The highlights include:
- Sharing send and receive resources with VNIC
- Allows for switching between connected mode and datagram mode
There is still value in connected mode?
It's really a compatibility thing. If someone wants to change modes that
will work. There won't be any benefit to connected mode though. The goal
is just to not break.
>> - Increases the maximum datagram MTU for opa devices to 10k
The same spreading capability exploited by VNIC is used here to vary
the receive context that receives the packet.
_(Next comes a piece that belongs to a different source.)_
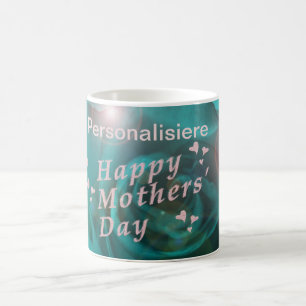 happy mothers day,pink text personalise coffee mug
The patches are fully bisectable and stepwise implement the capability.
This is alot of code to send without a performance
justification.. What is it? Is it worth while?
It avoids the scalability problem of connected mode, the number of QPs.
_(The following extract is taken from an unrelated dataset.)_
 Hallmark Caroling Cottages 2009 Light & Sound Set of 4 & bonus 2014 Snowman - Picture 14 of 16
Incoming packets are spread into multiple receive contexts increasing
parallelism. The MTU is increased to allows 10K. It also reduces/removes
the verbs TX overhead by allowing packets to be sent through the SDMA
engines directly.
Gary Leshner (6):
IB/hfi1: Add functions to transmit datagram ipoib packets
IB/hfi1: Add the transmit side of a datagram ipoib RDMA netdev
IB/hfi1: Remove module parameter for KDETH qpns
IB/{rdmavt,hfi1}: Implement creation of accelerated UD QPs
IB/{hfi1,ipoib,rdma}: Broadcast ping sent packets which exceeded mtu size
IB/ipoib: Add capability to switch between datagram and connected mode
Grzegorz Andrejczuk (7):
IB/hfi1: RSM rules for AIP
IB/hfi1: Rename num_vnic_contexts as num_netdev_contexts
IB/hfi1: Add functions to receive accelerated ipoib packets
IB/hfi1: Add interrupt handler functions for accelerated ipoib
IB/hfi1: Add rx functions for dummy netdev
This dummy netdev thing seemed very strange
One of the existing uses of dummy netdev seems to be to tie multiple
hardware interfaces together. We are using a similar concept for two
software interfaces. Those being VNIC and AIP. The dummy netdev here
will own the receiving resources which are shared.